14.  Memorandum submitted by The Howard League for Penal Reform

  1.  The Howard League for Penal Reform is pleased to have the opportunity to provide evidence to the Home Affairs Committee's inquiry into effective sentencing.

  2.  Our evidence is framed by our values and beliefs, namely:

    —  We work for a society where there are fewer victims.

    —  Offenders must make amends for what they have done and change their lives.

    —  Community sentences make a person take responsibility and live a law-abiding life in the community.

  3.  The Howard League for Penal Reform welcomes the Home Affairs Committee's emphasis on the need to look at what practically makes a difference, its emphasis on sentences in the community and the needs of adults who offend.

  4.  The Howard League for Penal Reform has grave misgivings about the continuous stream of legislation. We believe that this has lead to increasingly complicated sentencing arrangements, which have gone hand in hand with a public loss of confidence in the criminal justice system. Indeed rather than addressing public concern, the deluge of sentencing legislation has deepened public confusion and distrust.

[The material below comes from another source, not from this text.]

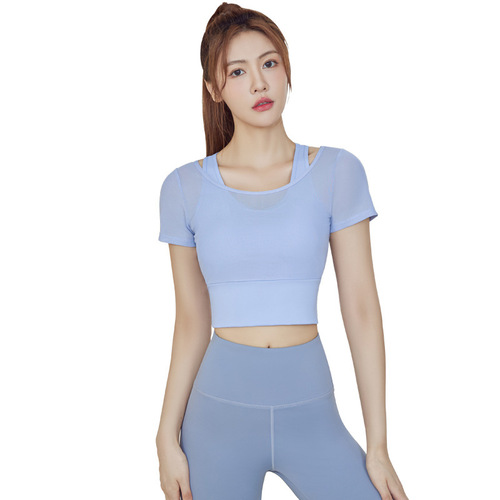 Women's thin two-piece sports top with built-in cups, mesh, breathable, running, fitness, tight, short-sleeve yoga attire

  5.  The Howard League for Penal Reform believes that in order effectively to address offending behaviour and protect the public the criminal justice system needs to refocus on the role and opportunities provided by robust and well resourced community sentences.

  6. We believe that every effort must be put into endorsing, promoting and supporting the probation service and youth offending teams. Strong local links and local accountability are the imperative if community sentences are to meet the needs of people who offend and thereby enhance outcomes and public confidence.

  7. This is particularly important now that the Offender Management bill is completing its Parliamentary stages that will, in effect, abolish the probation service as it has existed for the past one hundred years. New arrangements must be based on a solid value system that recognises the citizenship of those being managed, aims to heal the damage inflicted by crime, and encourage people to make amends.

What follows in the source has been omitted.